Breaking Down Our Daily Caloric Burn
There are several ways our bodies burn calories each day, which break down as follows for the average person. While the contribution each category contributes is expressed in percentages, since it varies from person to person, these numbers give us a good general idea of what each process/activity contributes to our overall caloric burn:
- Basal metabolism (60-70% of calories). The energy needed simply to keep your organs running and you alive.
- Thermic effect of food (10%). Calories burned digesting what we eat.
- Exercise-related activity thermogenesis (5-10%). EAT represents the calories burned from purposeful exercise.
- Non-exercise activity thermogenesis (15-30%): NEAT includes all non-structured activities like walking, fidgeting, household chores, and occupational movement.
Notice that for most people, NEAT burns more calories than dedicated physical exercise.
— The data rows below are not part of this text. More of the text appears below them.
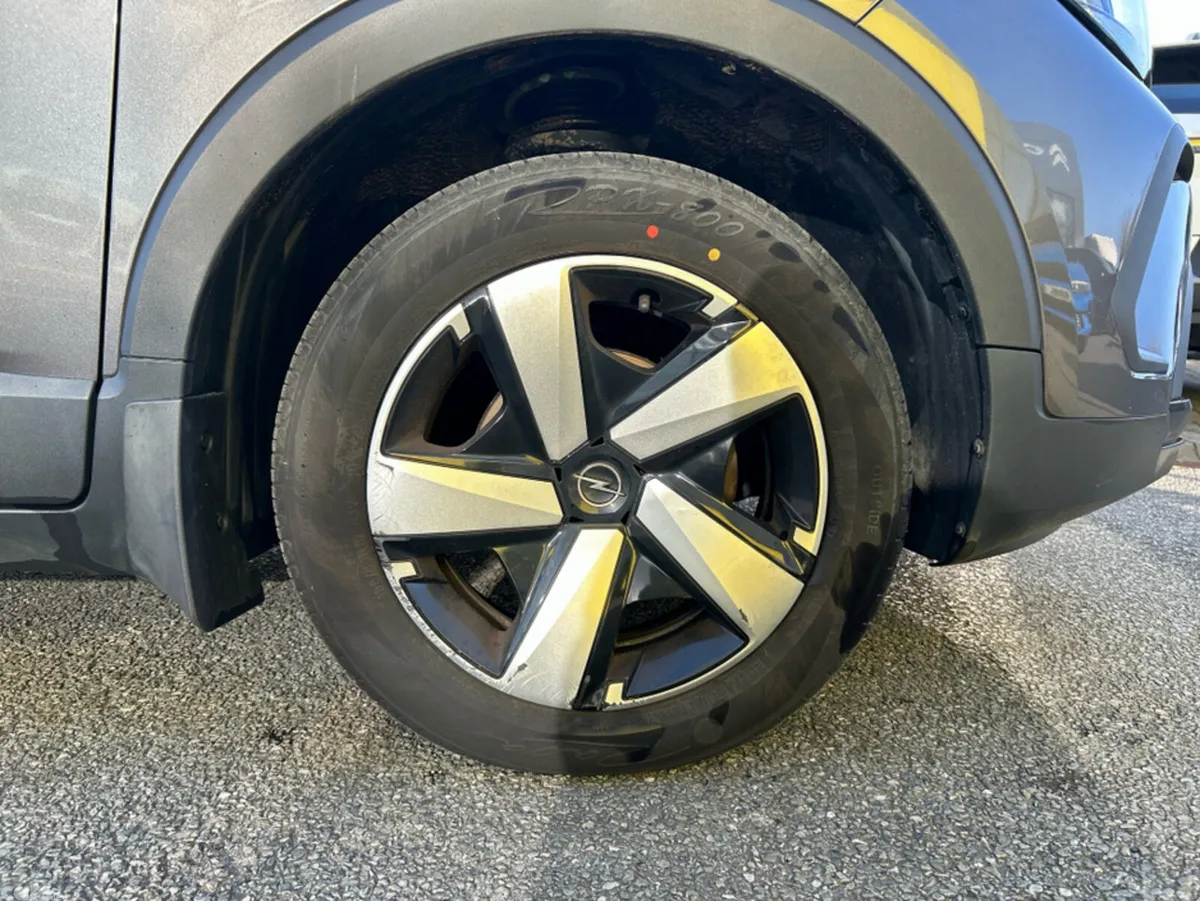 Opel Crossland X MPV, Diesel, 2022, Grey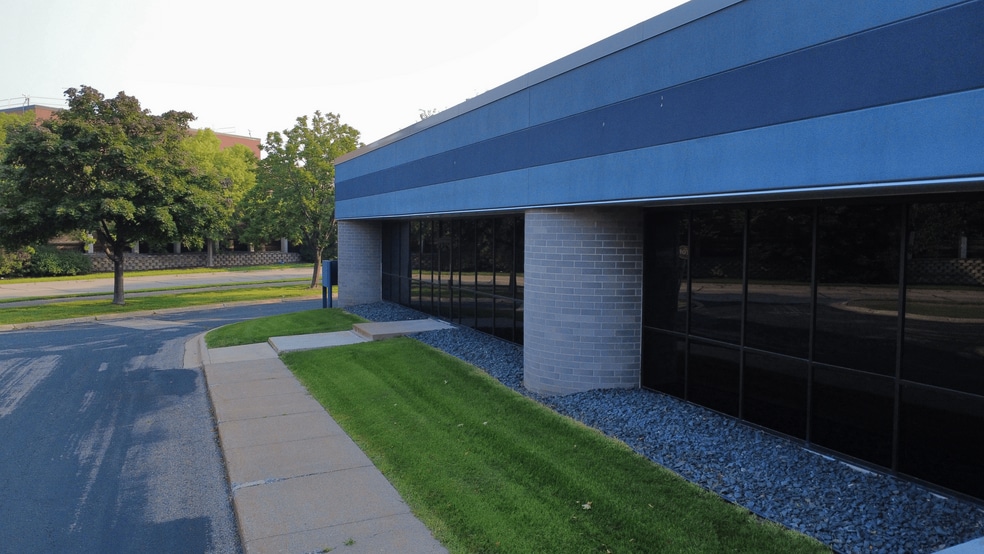 More Photos Of 700-865 5th St S, Hopkins Flex For Sale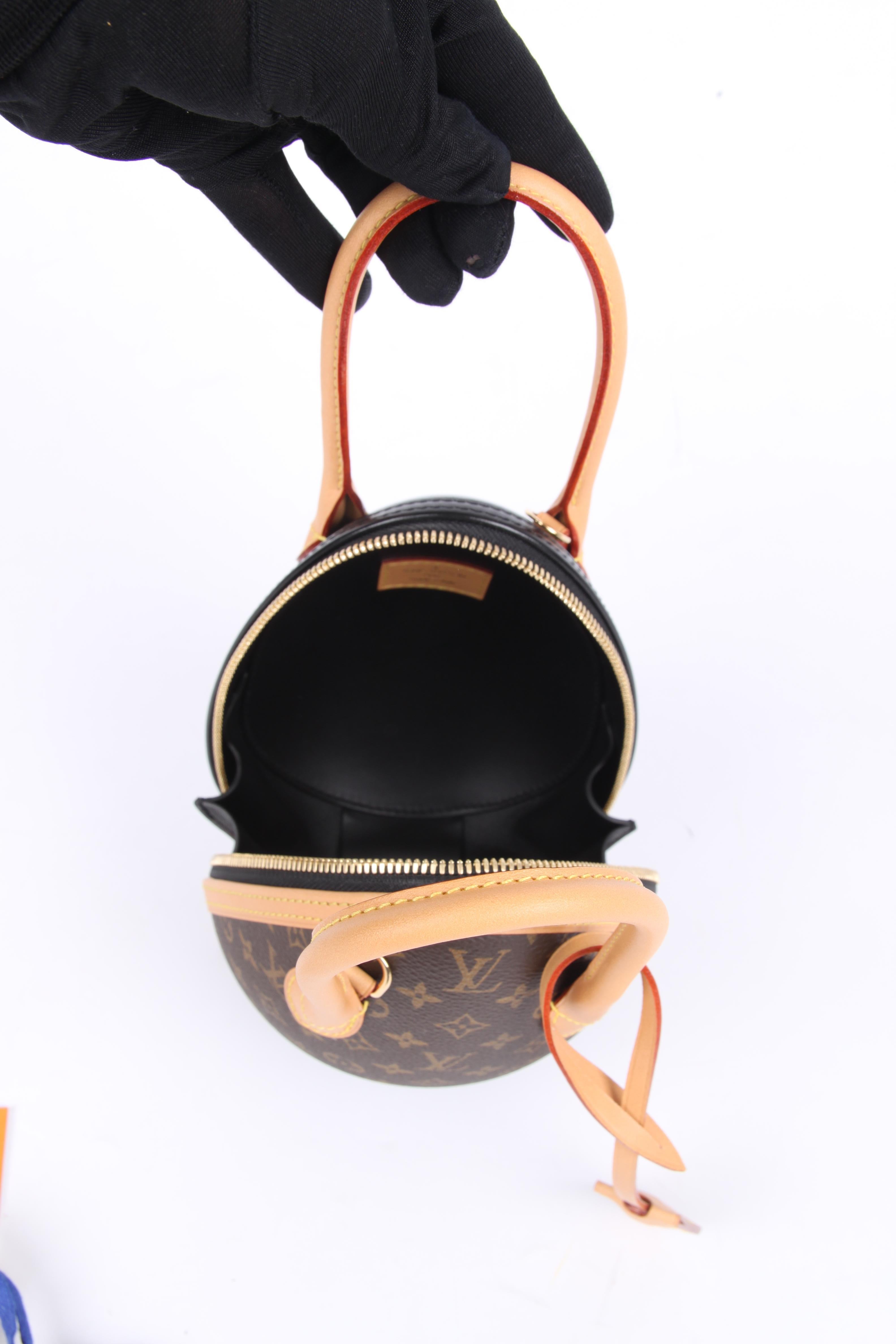 louis vuitton egg bag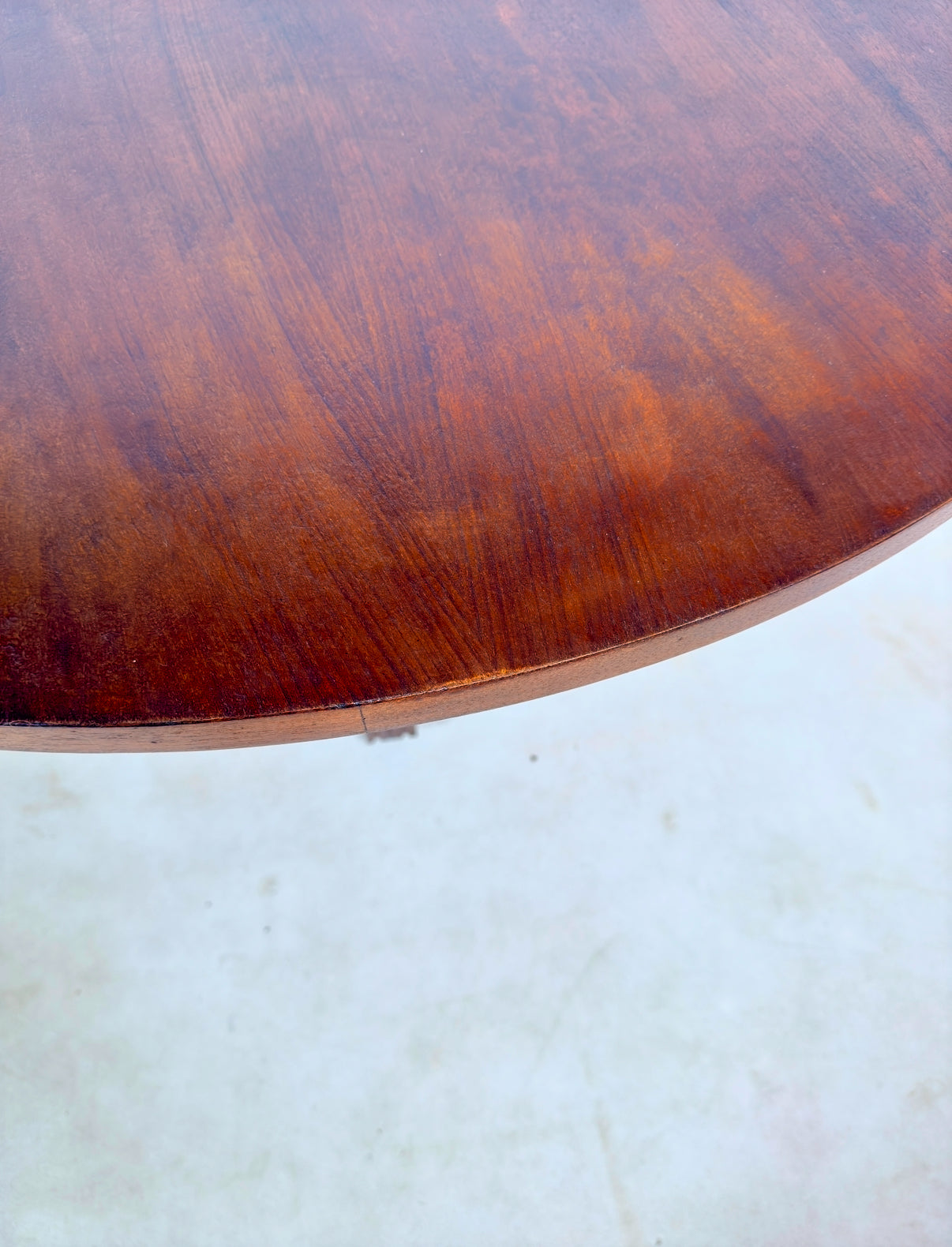 Table de salle à manger de style « Art déco »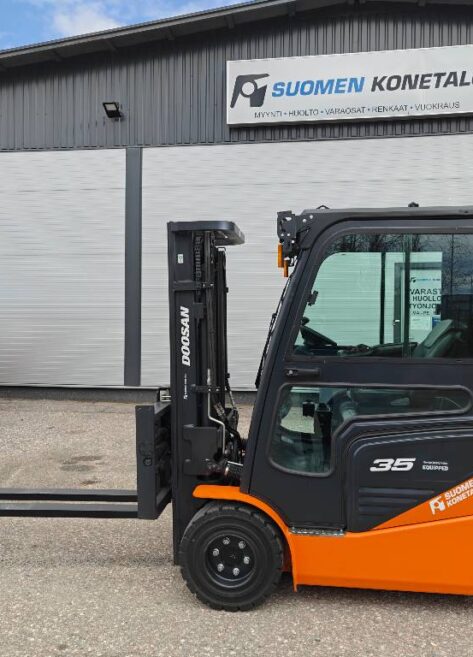 Myydään Doosan B35NS Sähkötrukki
All those small movements throughout the day really add up!
Modern Life Kills NEAT
Our ancestors had NEAT built into their day-to-day lives. Simply preparing a single meal required a lot of NEAT. You’d have to hunt and haul game to camp and then create and tend the fire to cook it. As we moved to industrial economies, machines reduced how much we had to move for food and survival.
Both work and home life require less movement than 50 years ago. Work tasks that once required getting up from a desk and walking to another part of the office can now all be done with a click of the mouse, while modern appliances have made household chores less physically demanding.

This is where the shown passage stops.